Tuesday, March 13, 2007

Be All That You Can Be

One of the questions I often ask myself is whether I should have joined the army. Ultimately, I always come up with the same answer: that no matter how much my sense of duty pulls me to sign up for military service, my heart and mind cannot answer that call.

I first gave some thought to the military when I explored joining the Army Reserves out of high school as a way to help pay for my college education. Instead however, I opted to spend a year in Israel before matriculating into college. My decision was based partly on the fact that a year in Israel sounded a whole lot more fun than going through military training and partly on the fact that my hearing loss in one ear meant I was destined for a desk job.

Nevertheless, every so often I revisit my decision and contemplate the idea of joining the army. I thought about it, for example, when I read a column in the Wall Street Journal by a WSJ correspondent who had decided to put his journalism career on hold at the age of 32 in order to join the U.S. Marines. And I thought about it again a little more than a week ago as I was traveling down to DC when I overheard a woman saying to her neighbor that she only dates military men (active or former, I believe) because she has so much respect for the military. (Mind you, and with all due respect, I wouldn't join the military just so I could get myself on this woman's eligible dating list).

I strongly believe in the value of military service.
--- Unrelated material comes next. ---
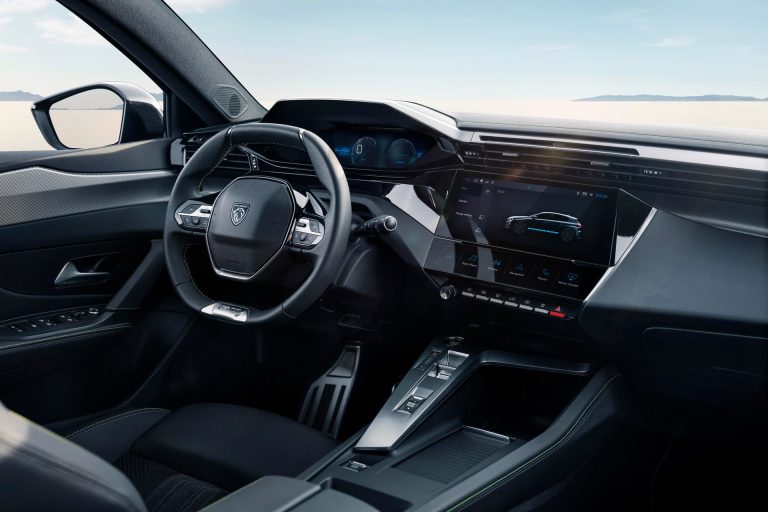 Peugeot 308 Hybrid vs Opel Astra Plug-in Hybrid: qué compacto PHEV del grupo Stellantis compensa más a 5 años Peugeot 308 Hybrid vs Opel Astra Plug-in Hybrid: qué compacto PHEV del grupo Stellantis compensa más a 5 años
I believe in it because of the loyalty to one's country and to one's fellow soldiers that military service encourages; because it would be a means of expressing thanks to this country for providing a freedom and wealth of opportunity that my famiy saw taken away from them in World War II Europe; and because of the sense of adventure that, at least conceptually, the military offers. Besides the positive aspects of joining the military, another part of me is motivated to sign up becuase of a guilt complex: How can I stand by while an army composed primarily of lower income individuals, many of whom see the army primarily as an opportunity for upward mobility, protect the democratic values of our country which directly benefit me; while individuals from higher socio-economic classes (myself included in this category), offer no individual sacrifices yet make the actual decisions to go to war.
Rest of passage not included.